* Stored dataset items:
•••••
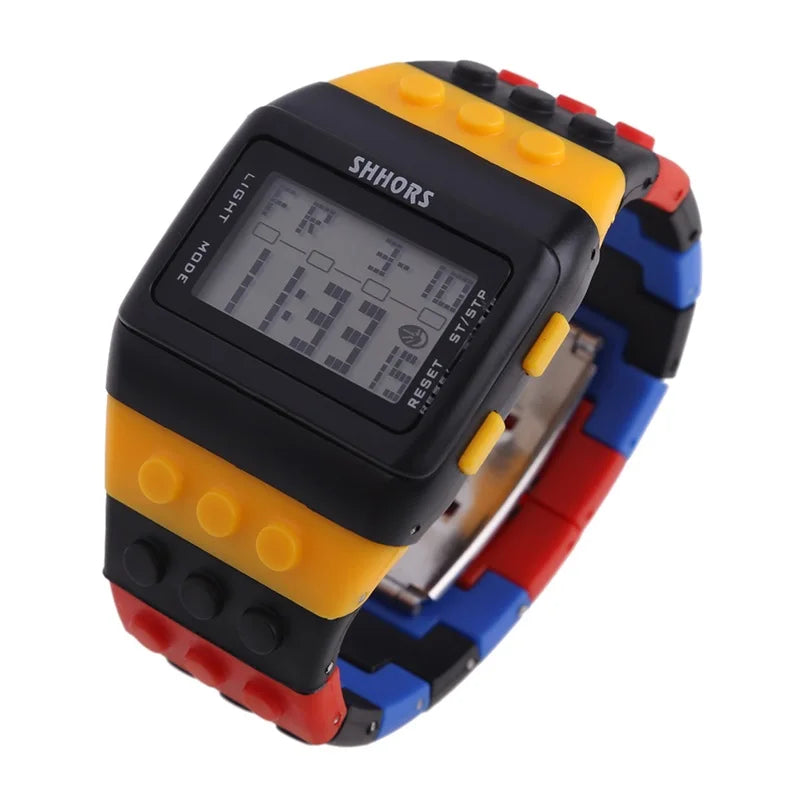 Children's Digital LED Constructor Blocks Watch – Colorful Unisex Sport Wristwatch Gift for Kids - I YAN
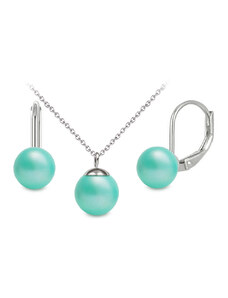 Jewellis ČR Jewellis ocelová sada Mini Pearl - náhrdelník a visací náušnice s perlami Swarovski - Iridescent Light Turquoise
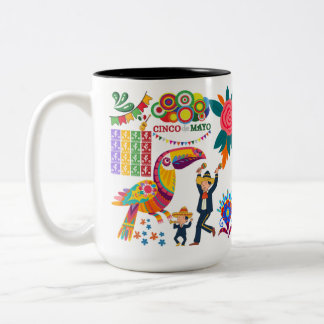 Viva Mexico Vibes black & white Two-Tone Coffee Mug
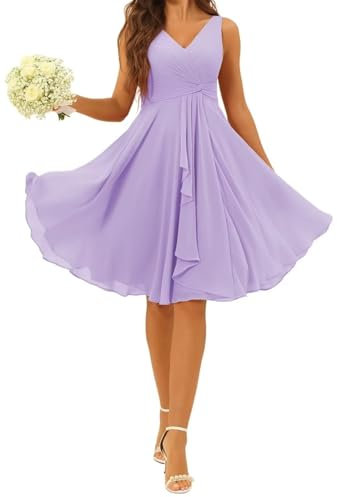 HPPEE Vestido corto de dama de honor con cuello en V para mujer, plisado, sin mangas, de gasa, vestido formal, Lila, 40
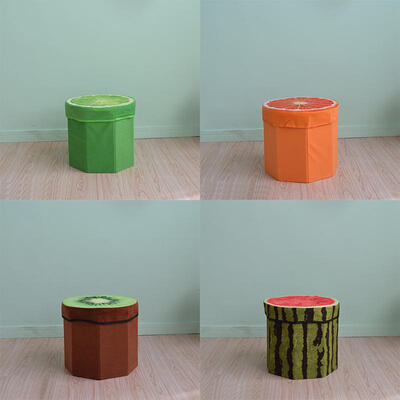 

3D Fruit Folding Storage Box Seat Footrest Stool Clothes Toy Organizer Case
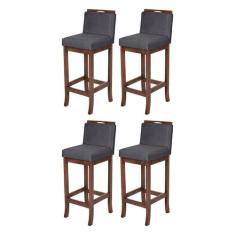 Kit 4 Banquetas Média Estofada Turim Madeira Capuccino Suede CCS - CCS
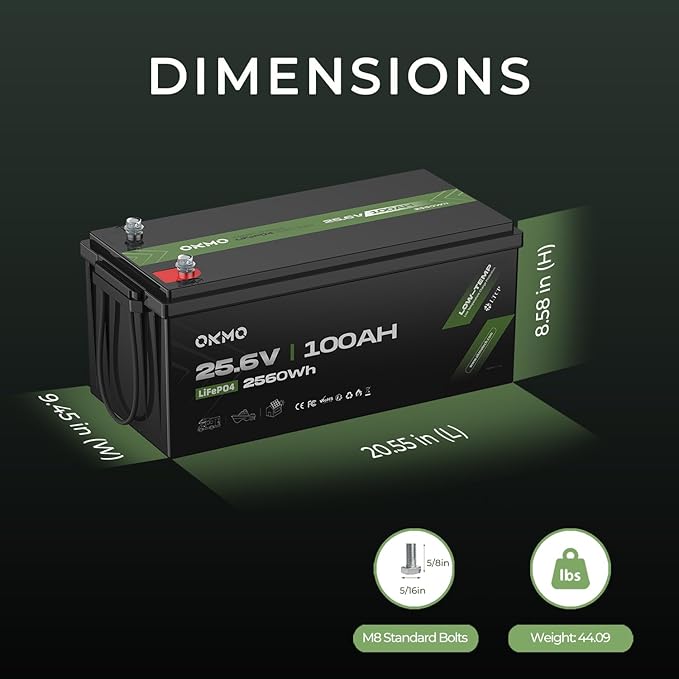 OKMO 24V 100Ah LiFePO4 Lithium Battery - Image 2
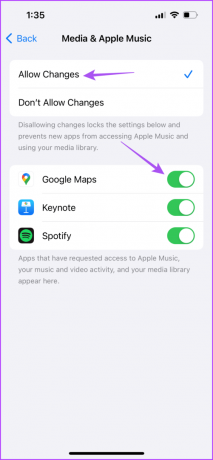 leisti „Google“ žemėlapius „Apple Music“ ekrano laikui „iPhone“.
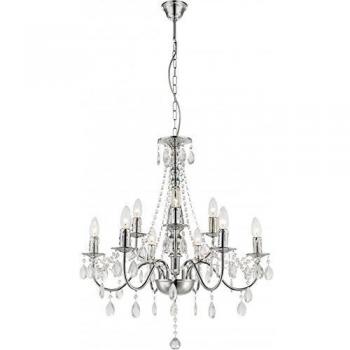 Lámpara colgante William de 63 cm, cromo, metal, 9x E14, con cristales acrílicos claros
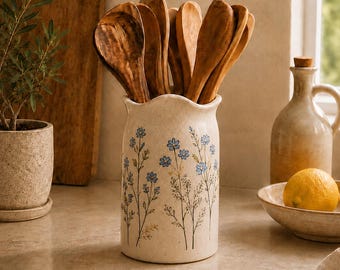 Ceramic Utensil Holder, Handmade Blue Floral Kitchen Crock, Wildflower Pottery Organizer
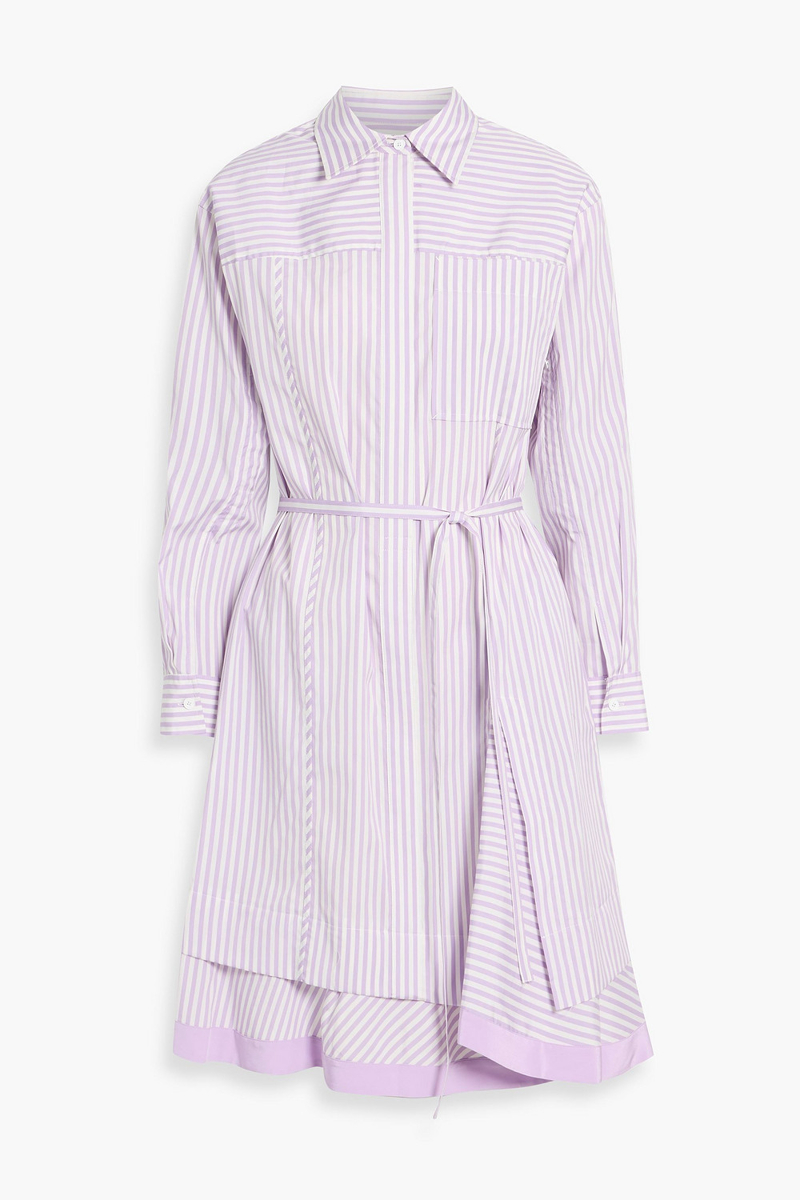 3.1 phillip lim - striped cotton and silk-blend poplin shirt dress - purple - us 4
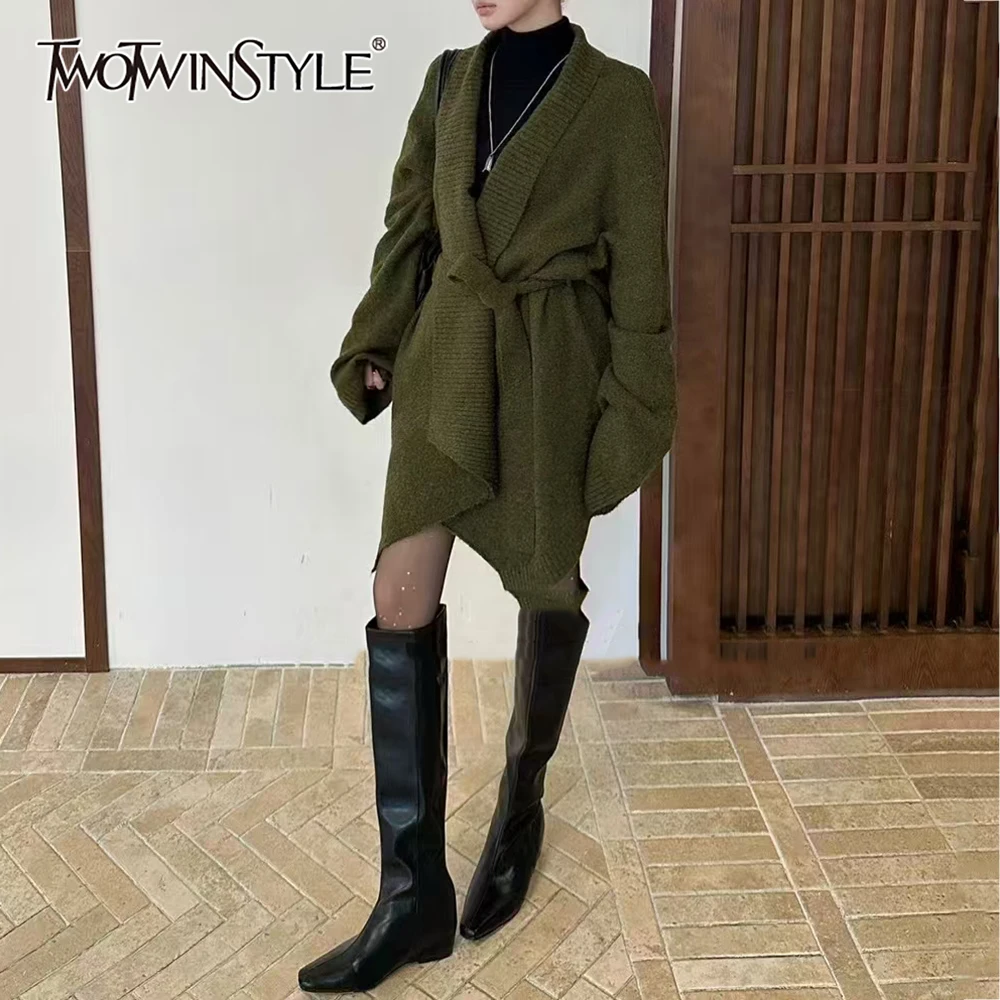 

TWOTWINSTYLE Solid Spliced Lace Up Korean Jacket Female Lapel Long Sleeve Loose Casual Lazy Women's Jackets Autumn Fashion New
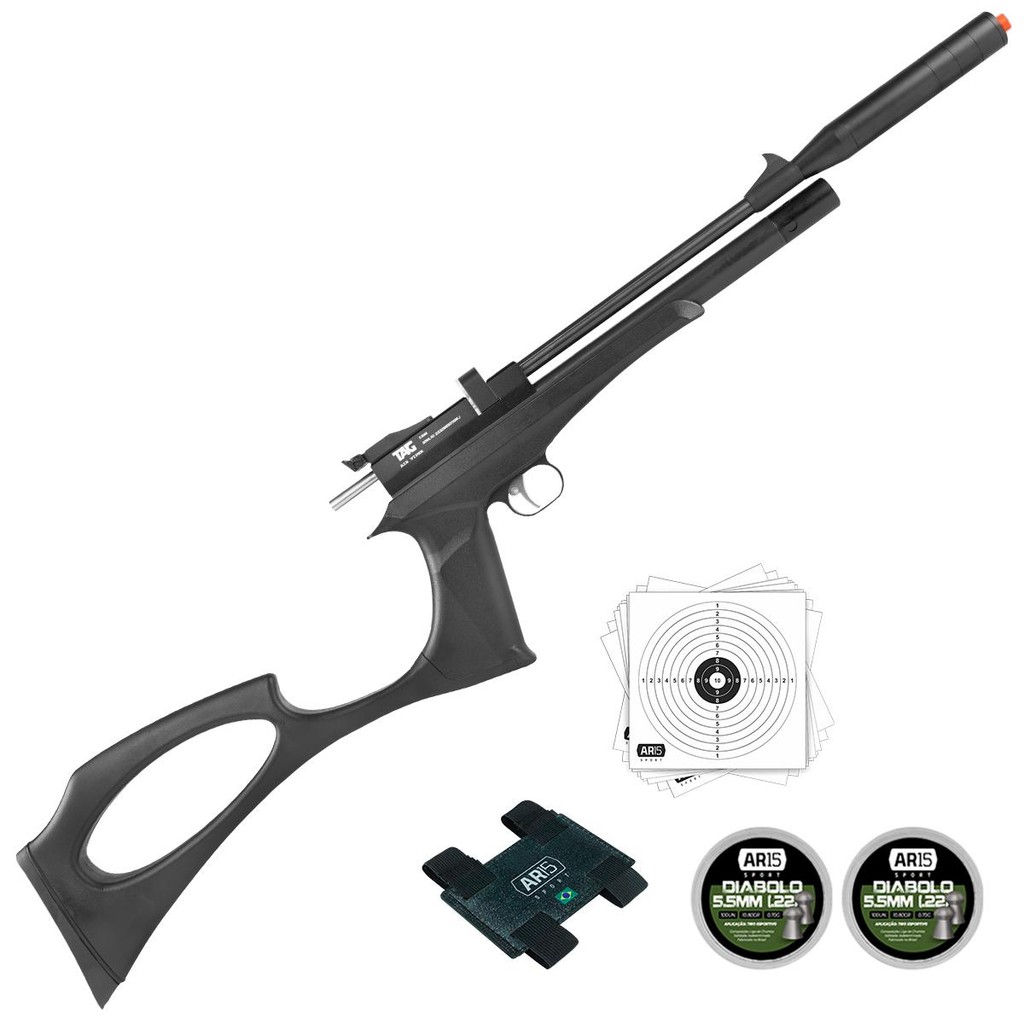 Carabina Pressao 5.5 PCP 200BAR TAG Viper Short Chumbinho em Oferta na Shopee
•••••
* Directions: Pictures stay out. Copy exactly, and only, the lines from the one containing "TWOTWINSTYLE Solid Spliced" through the end of the data.

* Answer section:
TWOTWINSTYLE Solid Spliced Lace Up Korean Jacket Female Lapel Long Sleeve Loose Casual Lazy Women's Jackets Autumn Fashion New
 Carabina Pressao 5.5 PCP 200BAR TAG Viper Short Chumbinho em Oferta na Shopee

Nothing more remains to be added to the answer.